Trente-six pays Afrique subsaharienne, excepté quelques uns d’Afrique australe, connaissent une « pénurie aiguë » de personnel médical. C’est ce que révèle l’étude « Travailler ensemble pour la santé » publiée par l’Organisation mondiale de la santé (OMS), à l’occasion de la célébration, ce vendredi 7 janvier, de la Journée mondiale de la santé. Les cinquante-sept pays, dont certains en Asie du Sud-Est, concernés par le rapport auraient besoin de 2,4 millions de médecins, d’infirmiers et de sages-femmes.
Des ressources humaines nécessaires pour assurer des services médicaux vitaux comme la vaccination des enfants, les soins prénatals et obstétricaux ou encore le traitement du sida, du paludisme et de la tuberculose. A cela s’ajoute le personnel d’appui qui fait monter le déficit en personnel médical à 4,3 millions de personnes. « On ne forme et on ne recrute pas assez d’agents de santé là où ils sont le plus nécessaires, a indiqué le Dr Timothy Evans, sous-directeur général de l’OMS pour expliquer cette situation, et les professionnels qualifiés sont de plus en plus nombreux à émigrer dans des pays plus nantis pour un emploi mieux rémunéré, soit dans un pays voisin, soit dans un pays industrialisé riche ».
Echapper à la pauvreté
Alors que l’Afrique est confrontée à de nombreux défis sanitaires, elle est incapable d’y répondre par manque de ressources humaines adéquates. Elle compte à l’heure actuelle 2,3 agents de santé pour 1 000 habitants, un chiffre très en deçà de la moyenne mondiale qui se situe à 9,3 pour 1 000. De même, les Etats-Unis qui rassemblent 37% des agents de santé disponibles sur la planète ne doivent faire face qu’à une charge de morbidité de 10 % alors que l’Afrique noire, dont cette charge est estimée à 25%, ne dispose que de 3% du personnel médical mondial.

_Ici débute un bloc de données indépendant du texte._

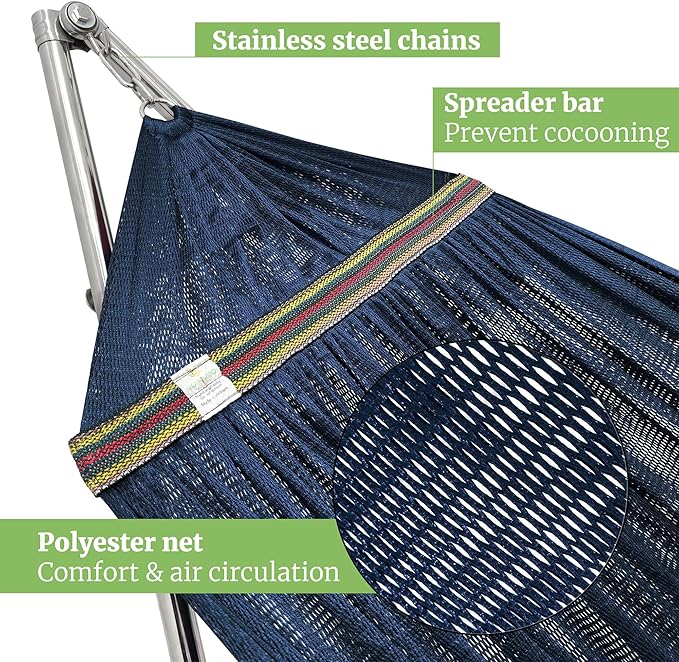 Tranquillo Double Hammock with Stand 650lb Capacity Double Hammock with Spreader Bar, Solid Grade 201 Stainless Steel 30s Set Up, Sturdy Flexible Hammock Stand Portable, Outdoor Indoor, Aegean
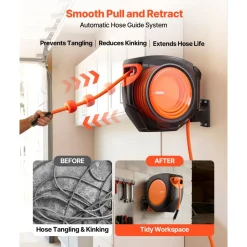 VEVOR Retractable Air Hose Reel, 3/8 Inch x 80 FT Hybrid Air Hose Max 300PSI, Enclosed Air-Compressor Hoses Reel Auto Rewind with 6.6 ft Lead in, 180° Swivel Ceiling/Wall Mount for Workshops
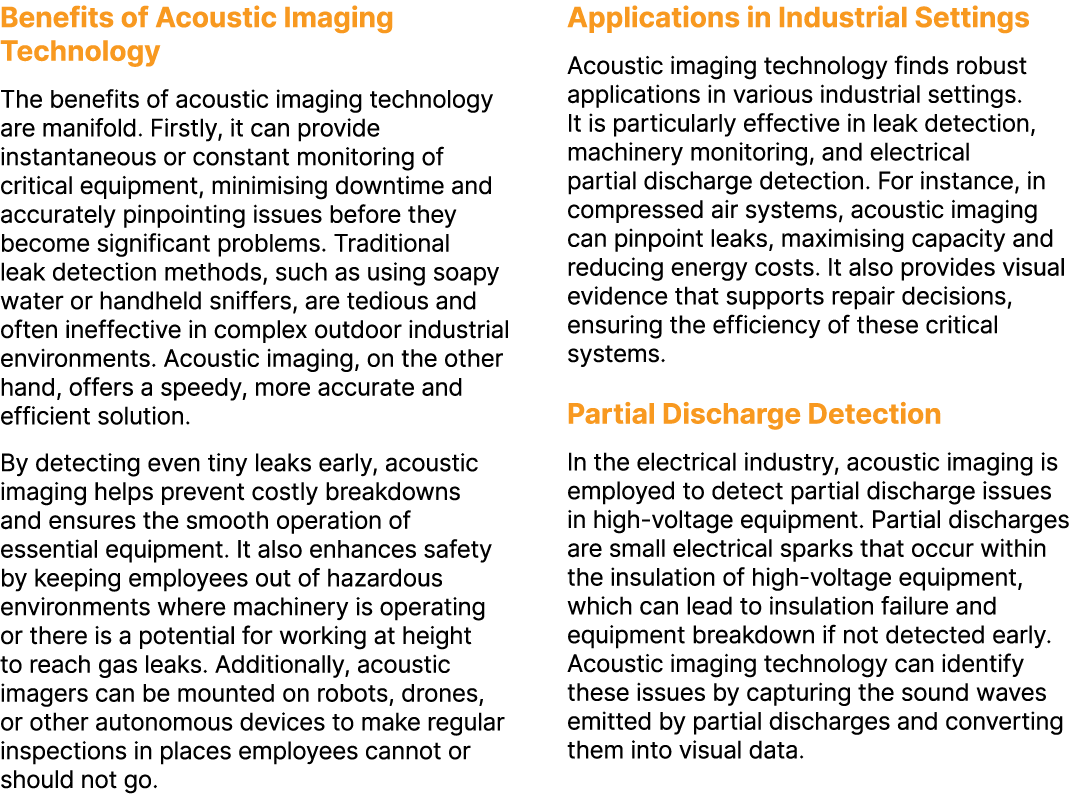 Benefits of Acoustic Imaging Technology The benefits of acoustic imaging technology are manifold. Firstly, it can pro...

Ce manque est aggravé par un exode important de médecins et d’infirmiers formés en Afrique sub-saharienne, respectivement en moyenne de 23% et de 4%, vers les pays développés. La recherche d’une meilleure rémunération – les salaires sont 15 fois supérieurs en Occident selon l’étude de l’OMS – et le souci d’évoluer dans des conditions de travail plus optimales sont les principales raisons qui motivent les agents de santé à opter pour l’expatriation. Ils échappent ainsi au manque de moyens techniques, à l’accès difficile aux médicaments, à la surexposition à des maladies dangereuses et à la violence. En somme, à la misère de leurs pays qu’ils aggravent malgré eux.
L’Afrique aura encore besoin de l’aide extérieure
Cependant, le rapport 2006 de l’OMS ne fait pas état « que des problèmes », note le Dr Carmen Dolea du département Ressources humaines pour la Santé de l’OMS, qui a participé à la réalisation de cette étude. « Il propose également des solutions à mettre en œuvre dans les dix prochaines années ». La clé de voûte de ce dispositif est la mise en place d’un partenariat entre les acteurs de santé et leurs différents partenaires, et ce à tous les niveaux de la carrière de l’agent de santé, à savoir de sa formation initiale à sa retraite. Le rapport propose aussi « que 50 % de tous les nouveaux fonds que les donateurs alloueront à la santé soient consacrés au renforcement des systèmes de santé, et 50 % de cette part à la formation, à la fidélisation et à l’entretien du personnel sanitaire ».
Cette mesure pourrait pallier la pauvreté des Etats africains qui offrent néanmoins, dans la majorité, des services de santé par le biais de structures publiques. « Pour combler le déficit actuel en personnel médical que connaissent les 57 pays de l’étude, indique le Dr Dolea, il faudra accroître les dépenses de santé de dix dollars par habitant et par an dans les vingt prochaines années, selon les estimations des économistes de l’OMS ». Une charge financière supplémentaire, que l’organisation internationale pense supportable, bien que les Etats soient déjà fortement endettés.